Pope Benedict XVI on Sunday called on Catholics to "be courageous" in defence of the traditional family as he celebrated open-air mass before hundreds of thousands of people in Zagreb.
The pontiff, on the second day of a visit to Croatia, warned couples cohabiting outside wedlock that living together was no substitute for marriage.
"Dear families be courageous! Do not give in to that secularised mentality which proposes living together as a preparation, or even a substitute for marriage!" he said in his homily during mass at a hippodrome outside the capital.
The head of the world's 1.1 billion Roman Catholics urged lawmakers to introduce legislation that "supports families in the task of giving birth to children and educating them."
The 84-year-old Benedict, who arrived at the packed hippodrome in his Popemobile slightly behind schedule for the mass, had to be helped up the stairs to the altar.
The Vatican said 400,000 pilgrims attended the mass celebrated in the same hippodrome used by his predecessor Pope John Paul II in 1994 while the Balkan wars were still raging with the frontline just 40 kilometers (25 miles) away. Croatian television put the figure at around 300,000.
Benedict kicked his off his visit on Saturday by highlighting Europe's Christian roots and Croatia's place in Europe, and he focused on family values during his homily.
"In today's society the presence of exemplary Christian families is more necessary and urgent than ever," he said, adding that they were called to give a "specific and irreplaceable contribution to evangelization".
"Unfortunately we are forced to acknowledge the spread of a secularisation which leads to the exclusion of God from life and the increasing disintegration of the family, especially in Europe," the pope said.
The conservative Croatian Catholic Church exerts heavy influence over the country sometimes called "the little Poland of the south".
Still even here in staunchly Catholic Croatia, as in other parts of Europe, the Church laments that young people ignore its teachings on family and sex.
"Freedom without commitment to the truth is made into an absolute. ... Love is reduced to sentimental emotion and to the gratification of instinctive impulses without a commitment to build lasting bonds of reciprocal belonging and without openness to life," the pope warned.
The homily was heard by pilgrims of all ages and from across Croatia, neighbouring Bosnia, and other central European countries. They carried flags and wore scarves in the Vatican's white and yellow colours.

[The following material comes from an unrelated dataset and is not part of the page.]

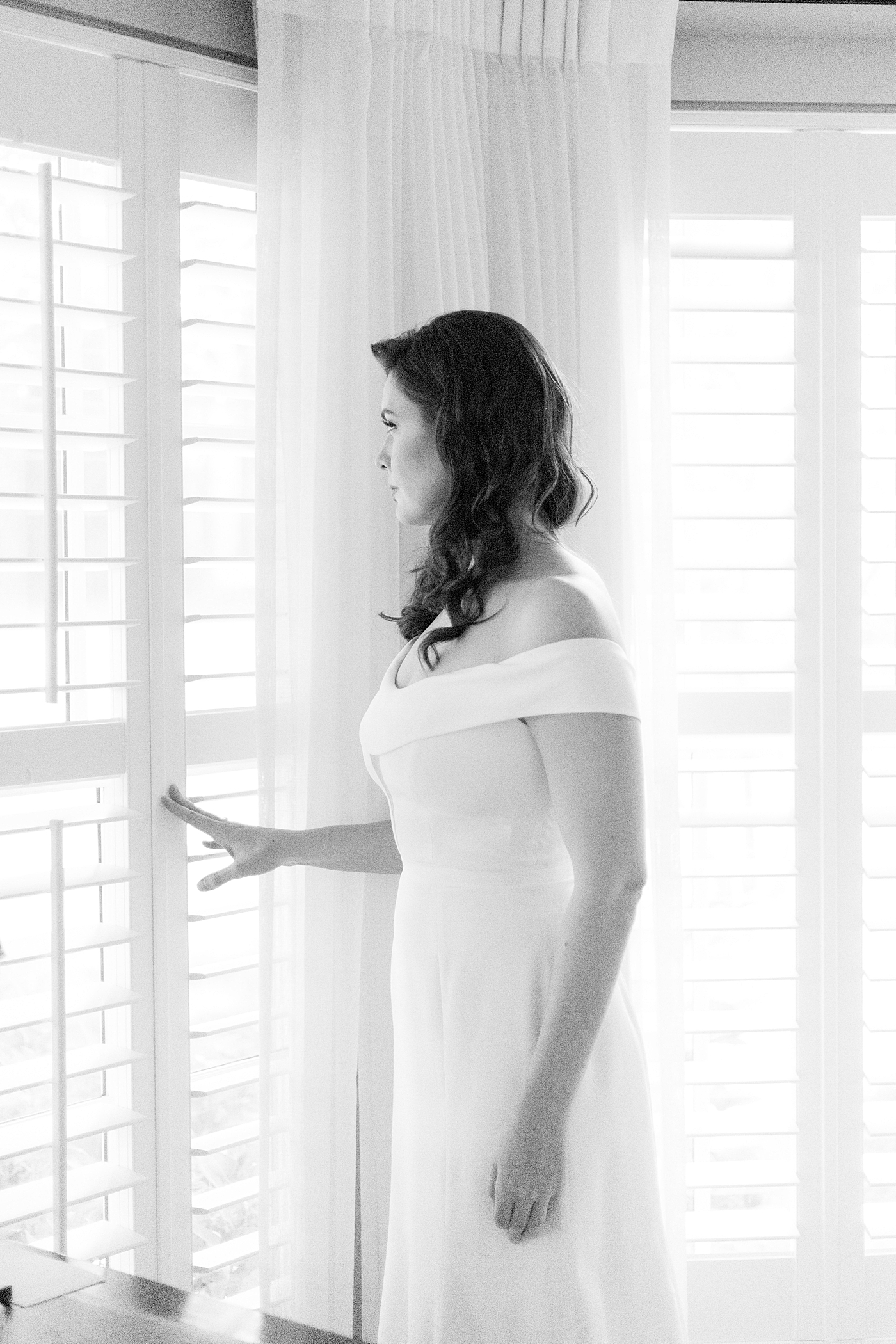 Black and white image of bride looking out the window | Photo by Hope Helmuth Photography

Some had already arrived before dawn for the mass, which started at around 10:00 am.
Karmen Serpic, 40, who attended the mass with her husband and their two youngest sons burst into tears of joy afterwards.
"There are no words to describe how I feel right now," she said.
Her husband Ivan told AFP he felt strenghthend by the pope's words.
"We heard what is needed in these difficult times and the pope came at the right moment.
Our way of life has changed and faith can help us to face all those challenges," he said.
Later on Sunday, Benedict XVI was to pray at the tomb of controversial Cardinal Alojzije Stepinac, whose "real humanism" he praised on the plane to Croatia.
Stepinac, who headed Croatia's Church during World War II, was put on the road to sainthood by John Paul II in 1998.
However, critics claim the cardinal failed to stand up against the persecution of Serbs and Jews by Croatia's pro-Nazi Ustasha regime.
After the war, communist Yugoslav authorities accused Stepinac of collaboration with the Ustasha government, which he denied, and sentenced him to 16 years in jail.
The pope was set to return to Rome late Sunday.